0
votes

Below is my setting in flume.conf:

agent.sources = srcpv
agent.channels = chlpv
agent.sinks = hdfsSink
agent.sources.srcpv.type = exec
agent.sources.srcpv.command = tail -F /var/log/collector/web/pv.log
agent.sources.srcpv.channels = chlpv
agent.channels.chlpv.type = memory
agent.channels.chlpv.capacity = 1000000
agent.channels.chlpv.transactionCapacity = 100
agent.sinks.hdfsSink.type = hdfs
agent.sinks.hdfsSink.channel = chlpv
agent.sinks.hdfsSink.hdfs.path = hdfs://hadoop01:8020/flume/web/pv/
agent.sinks.hdfsSink.hdfs.filePrefix = pv-
agent.sinks.hdfsSink.hdfs.rollSize = 1024
agent.sinks.hdfsSink.hdfs.rollInterval= 30
agent.sinks.hdfsSink.hdfs.rollCount = 10

I'd like the file can rolled at certain size or interval, but the roll setting (rollSize, rollInterval, rollCount) cannot take effect, no hdfs file generated.

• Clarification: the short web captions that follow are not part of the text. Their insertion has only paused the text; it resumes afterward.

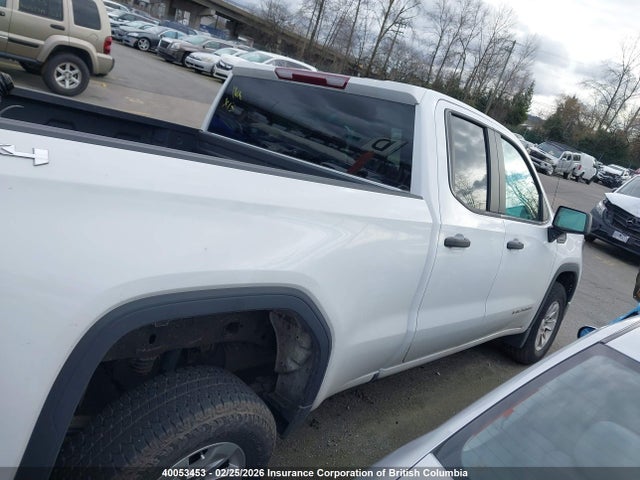 1GTRUAEK3PZ196971 GMC Sierra K1500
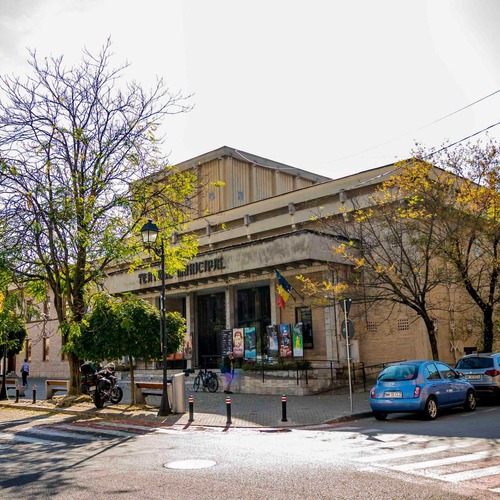 Avril și Avitech încep lucrări de 17 milioane euro la Teatrul Municipal din Baia Mare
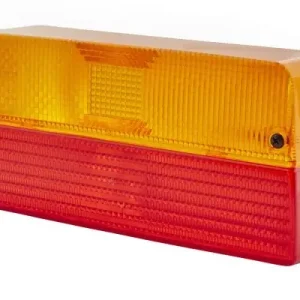 Zniżka Szkło lampy, lampa tylna zespolona HELLA 9EL 147 992-001
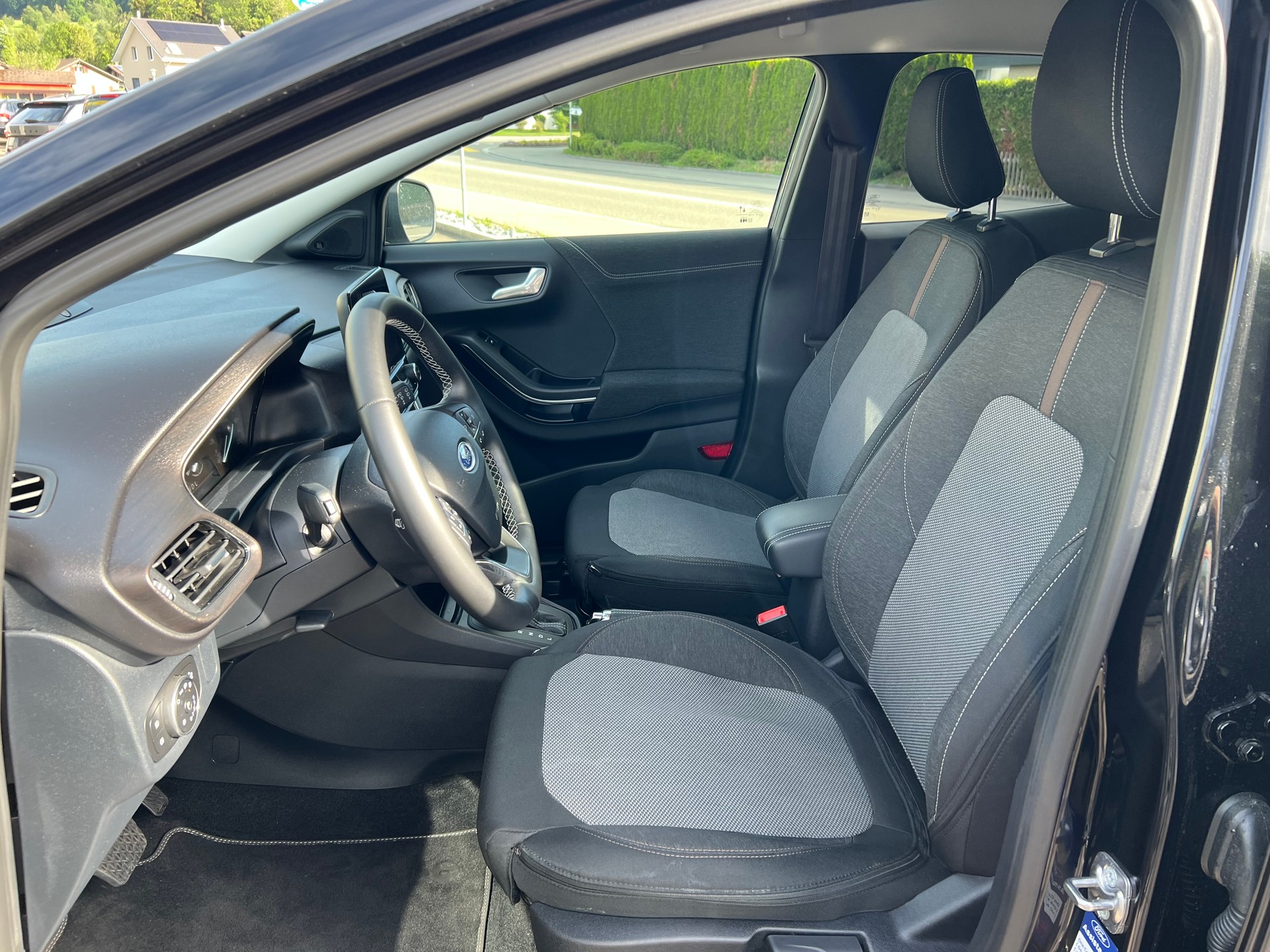 FORD Puma 1.0 SCTi Titanium X Automat-image-8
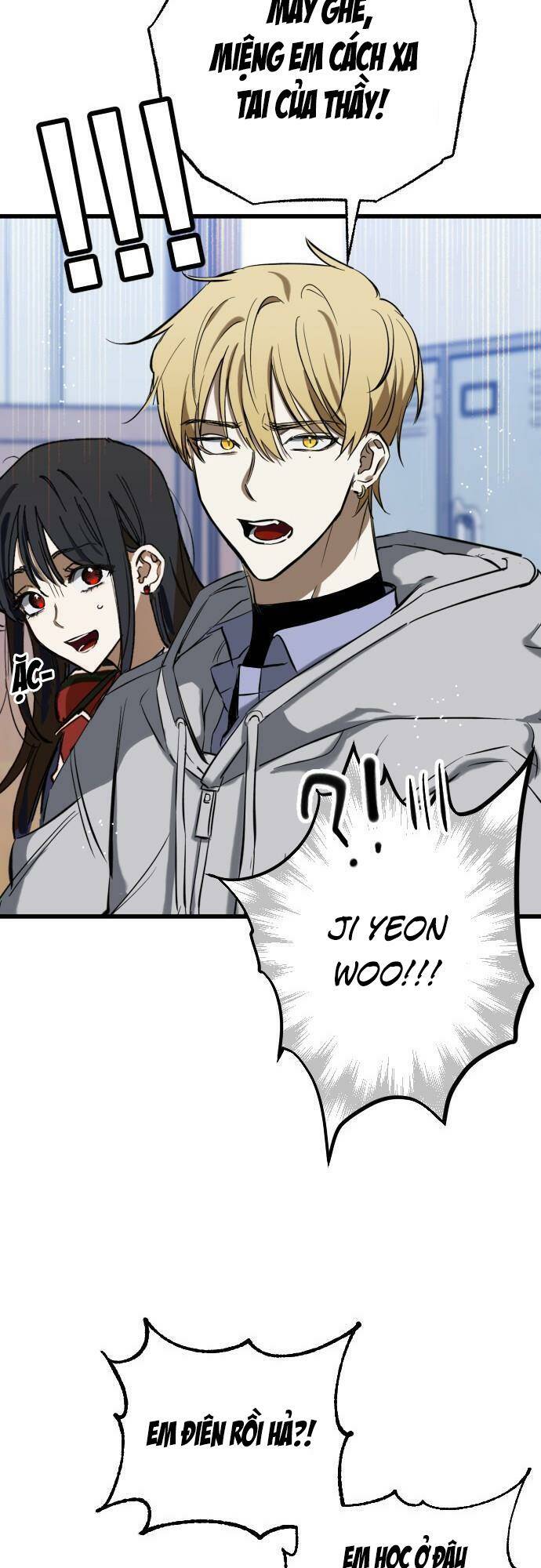 Đêm Của Bóng Tối - Chap 2 - Trang 9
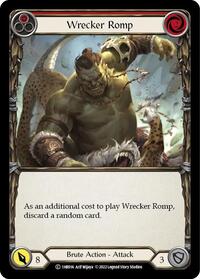Wrecker Romp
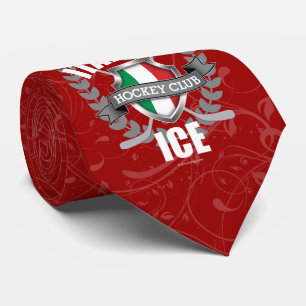 Gravata Tie De Pescoço De Gelo Italiano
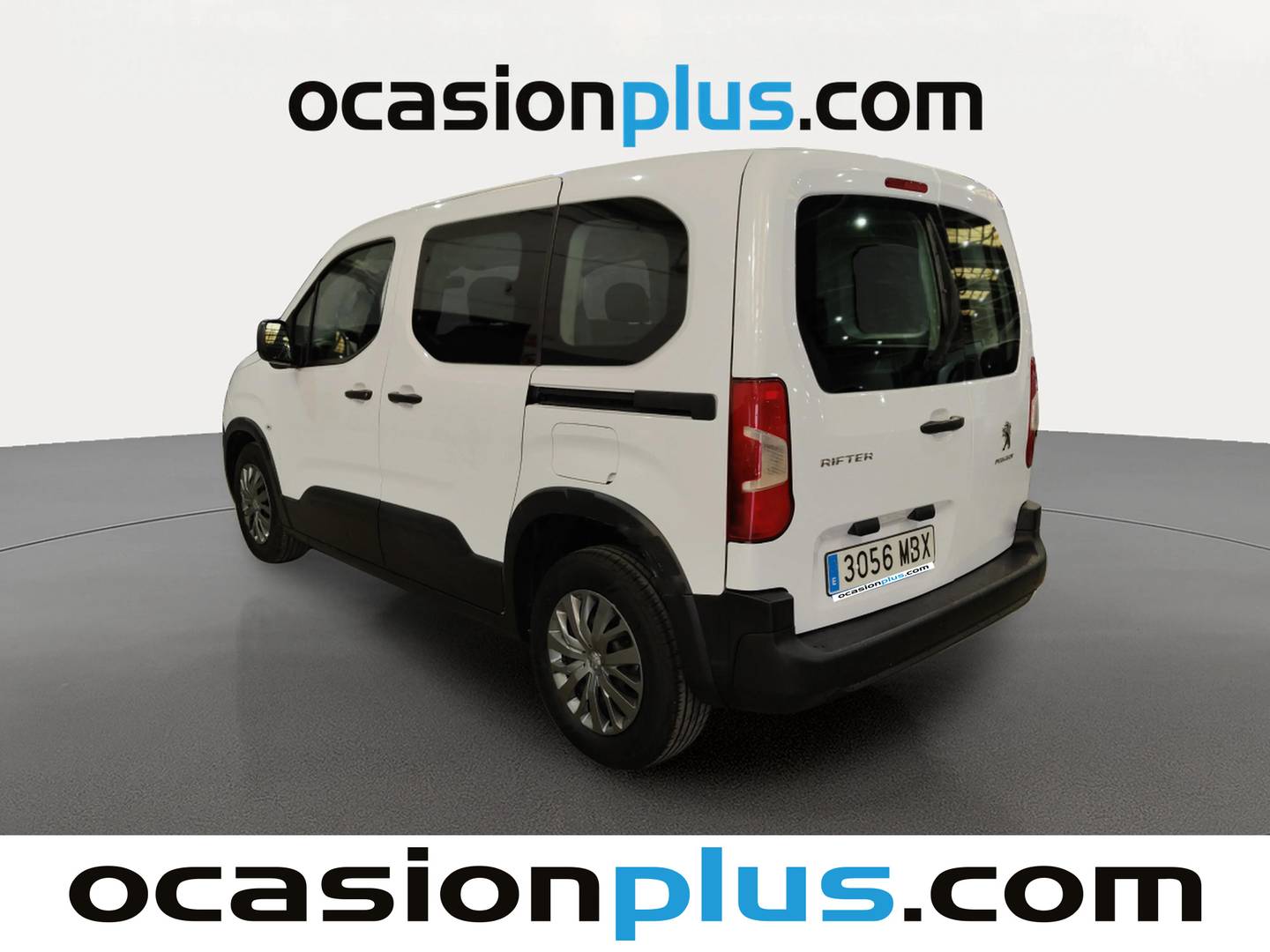 Peugeot Rifter Peugeot Rifter BlueHDi 100 Active Pack Standard (100 CV) seminuevo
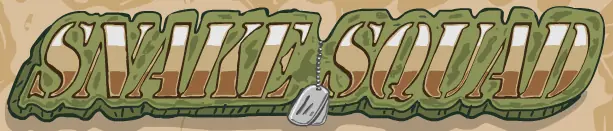 Snake Squad logo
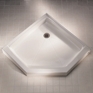 Neo-Angle Shower Base Neo-Angle Shower Base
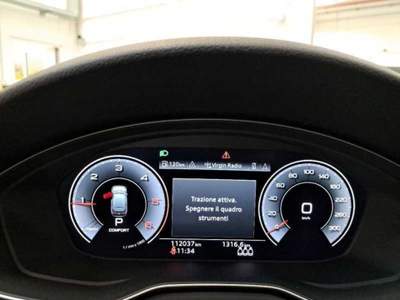 Audi A4 Avant 35 TDI/163 CV S tronic Business Advanced Nero usata Alcamo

And I got this error after several minutes:

[SinkRunner-PollingRunner-DefaultSinkProcessor] ERROR org.apache.flume.sink.hdfs.HDFSEventSink - process failed java.lang.OutOfMemoryError: GC overhead limit exceeded

Can anyone help to point out the appropriate HDFS Sink setting?

1

1 Answers

0
votes

It seems you are running out of Java Memory when running flume.

You can try adding the below line in the flume-env.sh file:

export JAVA_OPTS="-Xms100m -Xmx2g -Dcom.sun.management.jmxremote"

Increase the value Xmx as per your system configuration.

Hope this helps :)